En 2014, Aristide Takoukam Kamla, jeune chercheur camerounais, est fatigué de…chercher en vain des lamantins autour du lac Ossa pour son mémoire à l’université. Il se confie à un brave pêcheur de la localité, qui lui ouvre des astuces ancestrales pour retrouver ces mammifères marins. En quelques semaines, il boucle ses études. L’idée germe alors en lui de valoriser ces connaissances, avec une application que les populations elles-mêmes pourraient utiliser facilement pour collecter les données et les envoyer dans une base à distance. Ainsi naît SIREN, baptisée ainsi en référence au mythe de la fée des mers qui est une sirène.

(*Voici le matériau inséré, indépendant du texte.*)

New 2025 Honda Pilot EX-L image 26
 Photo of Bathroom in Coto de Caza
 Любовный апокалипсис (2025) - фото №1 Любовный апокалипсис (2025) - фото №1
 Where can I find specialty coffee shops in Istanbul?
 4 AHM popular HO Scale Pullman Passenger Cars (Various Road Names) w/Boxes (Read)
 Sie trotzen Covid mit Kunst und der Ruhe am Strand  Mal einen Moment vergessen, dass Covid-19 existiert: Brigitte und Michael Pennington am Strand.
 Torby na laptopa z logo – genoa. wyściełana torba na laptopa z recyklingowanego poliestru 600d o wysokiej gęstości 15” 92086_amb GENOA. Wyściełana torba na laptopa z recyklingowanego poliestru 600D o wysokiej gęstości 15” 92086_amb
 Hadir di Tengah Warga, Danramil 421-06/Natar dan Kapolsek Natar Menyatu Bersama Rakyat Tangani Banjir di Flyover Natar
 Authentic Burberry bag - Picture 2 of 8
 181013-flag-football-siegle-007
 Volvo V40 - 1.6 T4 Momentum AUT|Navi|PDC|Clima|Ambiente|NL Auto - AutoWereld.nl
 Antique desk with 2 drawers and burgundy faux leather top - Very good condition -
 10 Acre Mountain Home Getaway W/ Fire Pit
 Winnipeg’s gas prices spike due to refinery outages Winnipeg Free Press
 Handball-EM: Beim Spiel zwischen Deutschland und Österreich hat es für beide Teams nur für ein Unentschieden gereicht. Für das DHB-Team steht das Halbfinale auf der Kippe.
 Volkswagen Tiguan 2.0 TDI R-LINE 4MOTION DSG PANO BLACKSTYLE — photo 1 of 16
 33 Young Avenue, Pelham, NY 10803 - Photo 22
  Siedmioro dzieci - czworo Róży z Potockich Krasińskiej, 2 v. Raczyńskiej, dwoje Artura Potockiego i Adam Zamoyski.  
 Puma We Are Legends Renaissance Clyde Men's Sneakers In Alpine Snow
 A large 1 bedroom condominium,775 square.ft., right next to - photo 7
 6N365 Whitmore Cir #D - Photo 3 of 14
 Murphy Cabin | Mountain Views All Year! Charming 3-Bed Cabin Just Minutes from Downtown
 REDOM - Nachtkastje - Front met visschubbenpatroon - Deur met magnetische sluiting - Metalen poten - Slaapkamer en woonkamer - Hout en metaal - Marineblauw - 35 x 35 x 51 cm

Son champ d’expérimentation est large : espèces malades ou en détresse sur les plages (lamantins, requins, dauphins, raies, baleines, crabes, crevettes, tortues), filets aux normes irrégulières dressés dans la mer, bateaux en situation de pêche illégale (essentiellement des embarcations étrangères, qui agissent de nuit avec des phares éteints et des signaux satellites désactivés).
L’organisation AMMCO, qui s’occupe des mammifères marins africains, gère le déploiement de cet outil. Dès réception d’une alerte de terrain, l’information est envoyée directement à l’autorité la plus proche, comme le Sous-préfet, le Maire, le responsable du Minepia, le chef de village, le commandant de la gendarmerie ou de la police. Si elle vient d’un parc marin ou toute autre zone protégée, l’information est transmise au conservateur, qui sait comment mobiliser les autres acteurs et moyens d’intervention. Cédrick Fogwan, en charge du suivi du projet à Ammco, précise que «les alertes sont par la suite compilées et envoyées à tous les ministères concernés (pêches, environnement, défense, etc.), pour qu’ils apprécient la contribution des acteurs de la pêche et des populations locales dans la préservation des ressources marines».
DÉPLOIEMENT INTERNATIONAL
Plus de 80 pêcheurs volontaires utilisent au quotidien « Siren » sur leurs smartphones dans des villages et campements de pêche du Sud-ouest, du Littoral et du Sud. Les informations transmises sont des textes, des audios, des photos ou des vidéos, dans une base de données et de gestion établie aux États-Unis. En plus des permanents, des volontaires temporaires se prêtent à l’exercice : touristes, étudiants, chercheurs. La mobilisation des observateurs bénéficie de l’accompagnement de Wild Life Fund for Nature. Rien que pour l’année 2024, déjà plus six mille observations enregistrées. En plus des cours d’eau et des plages, les observateurs sillonnent les marchés pour relever les espèces fréquentes, et signaler si elles sont protégées ou bien si elles ont été capturées à la régulière. Une future étape consistera à mettre en place un marché des produits de la mer comme les crevettes, afin de connecter les consommateurs directement aux vendeurs, ce qui permettra de retirer du maillon les «démarcheurs » qui contribuent à la forte hausse des prix de vente finale.
La notoriété de cet outil « Siren » a traversé les frontières du Cameroun. En Afrique, plusieurs institutions l’ont adopté dans une dizaine de pays. Au-delà du continent, une agence gouvernementale la déploie aux Émirats Arabes Unis pour documenter la ponte et la vie des tortues marines. D’autres expérimentations sont en cours aux Bermudes et en Amérique latine. Disponible en accès libre, la gratuité de l’application « Siren » est assurée par le soutien de National Geographic (USA).